The opposing Coalition forces were the following:

Archduke Charles gathered Austrian and allied German states, while the Prince of Schwarzenberg formed another Austrian army. King Ferdinand VII of Spain summoned British officers to lead his troops against France. Tsar Alexander I of Russia mustered an army of 250,000 troops and sent these rolling toward the Rhine. Prussia mustered two armies. One under Blücher took post alongside Wellington's British army and its allies. The other was the North German Corps under General Kleist.
- Assessed as an immediate threat by Napoleon:
  - Anglo-allied, commanded by Wellington, cantoned south-west of Brussels, headquartered at Brussels.
  - Prussian Army commanded by Blücher, cantoned south-east of Brussels, headquartered at Namur.
- Close to the borders of France but assessed to be less of a threat by Napoleon:
  - The German Corps (North German Federal Army) which was part of Blücher's army, but was acting independently south of the main Prussian army. Blücher summoned it to join the main army once Napoleon's intentions became known.
  - The Austrian Army of the Upper Rhine, commanded by Field Marshal Karl Philipp, Prince of Schwarzenberg.
  - The Swiss Army, commanded by Niklaus Franz von Bachmann.
  - The Austrian Army of Upper Italy – Austro-Sardinian Army – commanded by Johann Maria Philipp Frimont.
  - The Austrian Army of Naples, commanded by Frederick Bianchi, Duke of Casalanza.
- Other coalition forces which were either converging on France, mobilised to defend the homelands, or in the process of mobilisation included:
  - A Russian Army, commanded by Michael Andreas Barclay de Tolly, marching towards France
  - A Reserve Russian Army to support Barclay de Tolly if required.
  - A Reserve Prussian Army stationed at home in order to defend its borders.
  - An Anglo-Sicilian Army under General Sir Hudson Lowe, which was to be landed by the Royal Navy on the southern French coast.
  - Two Spanish Armies were assembling and planning to invade over the Pyrenees.
  - A Netherlands Corps, under Prince Frederick of the Netherlands, was not present at Waterloo but as a corps in Wellington's army it did take part in minor military actions during the Coalition's invasion of France.
  - A Danish contingent known as the Royal Danish Auxiliary Corps (commanded by General Prince Frederik of Hesse) and a Hanseatic contingent (from the free cities of Bremen, Lübeck and Hamburg) later commanded by the British Colonel Sir Neil Campbell, were on their way to join Wellington; both however, joined the army in July having missed the conflict.
  - A Portuguese contingent, which due to the speed of events never assembled.

== War begins ==

Plenipotentiaries at the Congress of Vienna

At the Congress of Vienna, the Great Powers of Europe (Austria, Great Britain, Prussia and Russia) and their allies declared Napoleon an outlaw, and with the signing of this declaration on 13 March 1815, so began the War of the Seventh Coalition.

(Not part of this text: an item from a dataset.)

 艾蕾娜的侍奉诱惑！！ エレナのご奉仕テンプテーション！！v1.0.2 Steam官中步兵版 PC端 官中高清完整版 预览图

The hopes of peace that Napoleon had entertained were gone – war was now inevitable.

A further treaty (the Treaty of Alliance against Napoleon) was ratified on 25 March, in which each of the Great European Powers agreed to pledge 150,000 men for the coming conflict. Such a number was not possible for the British however, as her standing army was smaller than those of her three peers. Besides, her forces were scattered around the globe, with many units still in Canada, where the War of 1812 had recently ended. With this in mind, she made up her numerical deficiencies by paying subsidies to the other Powers and to the other states of Europe who would contribute contingents.

Some time after the allies had begun mobilising, it was agreed that the planned invasion of France was to commence on 1 July 1815, much later than both Blücher and Wellington would have liked, as both their armies were ready in June, ahead of the Austrians and Russians; the latter were still some distance away. The advantage of this later invasion date was that it allowed all the invading Coalition armies a chance to be ready at the same time. They could deploy their combined, numerically superior forces against Napoleon's smaller, thinly spread forces, thus ensuring his defeat and avoiding a possible defeat within the borders of France. Yet this postponed invasion date allowed Napoleon more time to strengthen his forces and defences, which would make defeating him harder and more costly in lives, time and money.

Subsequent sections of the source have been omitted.